TASK DESCRIPTION: Output a verbatim copy of the data, cut off after the line that contains "2010 BMW 5er - мініатюра 6".

(Short text fragments from websites)
* * * *
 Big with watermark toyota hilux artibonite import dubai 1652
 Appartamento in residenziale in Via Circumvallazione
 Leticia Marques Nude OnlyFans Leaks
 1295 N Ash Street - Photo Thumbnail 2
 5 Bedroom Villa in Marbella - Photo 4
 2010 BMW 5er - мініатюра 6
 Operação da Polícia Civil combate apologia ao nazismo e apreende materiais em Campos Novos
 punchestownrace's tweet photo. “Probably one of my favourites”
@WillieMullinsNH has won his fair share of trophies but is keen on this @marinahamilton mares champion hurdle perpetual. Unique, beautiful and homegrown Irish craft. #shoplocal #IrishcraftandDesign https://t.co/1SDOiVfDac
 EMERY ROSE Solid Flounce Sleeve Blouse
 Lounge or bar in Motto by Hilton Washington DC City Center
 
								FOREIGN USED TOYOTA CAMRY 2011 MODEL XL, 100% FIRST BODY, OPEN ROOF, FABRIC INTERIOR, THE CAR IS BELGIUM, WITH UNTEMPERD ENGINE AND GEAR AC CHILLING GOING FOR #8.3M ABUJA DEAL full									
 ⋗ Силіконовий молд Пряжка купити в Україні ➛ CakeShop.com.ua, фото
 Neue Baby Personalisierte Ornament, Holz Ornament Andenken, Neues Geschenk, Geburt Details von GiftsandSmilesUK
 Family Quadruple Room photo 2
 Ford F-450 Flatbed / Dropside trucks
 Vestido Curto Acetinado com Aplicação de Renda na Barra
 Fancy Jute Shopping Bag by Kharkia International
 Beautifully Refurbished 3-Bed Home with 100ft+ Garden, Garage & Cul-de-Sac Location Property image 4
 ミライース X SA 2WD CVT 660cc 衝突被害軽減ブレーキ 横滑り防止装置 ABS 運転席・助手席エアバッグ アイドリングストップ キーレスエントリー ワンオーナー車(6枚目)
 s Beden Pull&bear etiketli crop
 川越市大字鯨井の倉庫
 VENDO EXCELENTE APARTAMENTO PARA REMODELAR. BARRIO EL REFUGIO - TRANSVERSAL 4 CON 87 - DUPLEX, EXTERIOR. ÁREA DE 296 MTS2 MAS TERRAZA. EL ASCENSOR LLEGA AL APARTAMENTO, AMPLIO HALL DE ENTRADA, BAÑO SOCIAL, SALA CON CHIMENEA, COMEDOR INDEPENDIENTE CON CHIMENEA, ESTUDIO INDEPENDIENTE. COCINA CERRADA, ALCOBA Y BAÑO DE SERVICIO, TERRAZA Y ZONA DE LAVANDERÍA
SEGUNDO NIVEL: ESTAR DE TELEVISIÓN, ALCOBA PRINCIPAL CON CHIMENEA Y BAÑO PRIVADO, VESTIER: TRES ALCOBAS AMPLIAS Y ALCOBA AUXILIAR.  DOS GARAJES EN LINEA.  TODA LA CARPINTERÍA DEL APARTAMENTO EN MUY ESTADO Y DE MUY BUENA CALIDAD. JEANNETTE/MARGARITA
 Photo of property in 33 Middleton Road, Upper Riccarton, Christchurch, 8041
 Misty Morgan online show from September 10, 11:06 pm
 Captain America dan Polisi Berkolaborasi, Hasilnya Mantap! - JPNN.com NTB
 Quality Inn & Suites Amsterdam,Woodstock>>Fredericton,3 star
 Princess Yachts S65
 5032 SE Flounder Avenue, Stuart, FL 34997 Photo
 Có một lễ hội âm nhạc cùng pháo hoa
* * * *
TASK ANSWER:
 Big with watermark toyota hilux artibonite import dubai 1652
 Appartamento in residenziale in Via Circumvallazione
 Leticia Marques Nude OnlyFans Leaks
 1295 N Ash Street - Photo Thumbnail 2
 5 Bedroom Villa in Marbella - Photo 4
 2010 BMW 5er - мініатюра 6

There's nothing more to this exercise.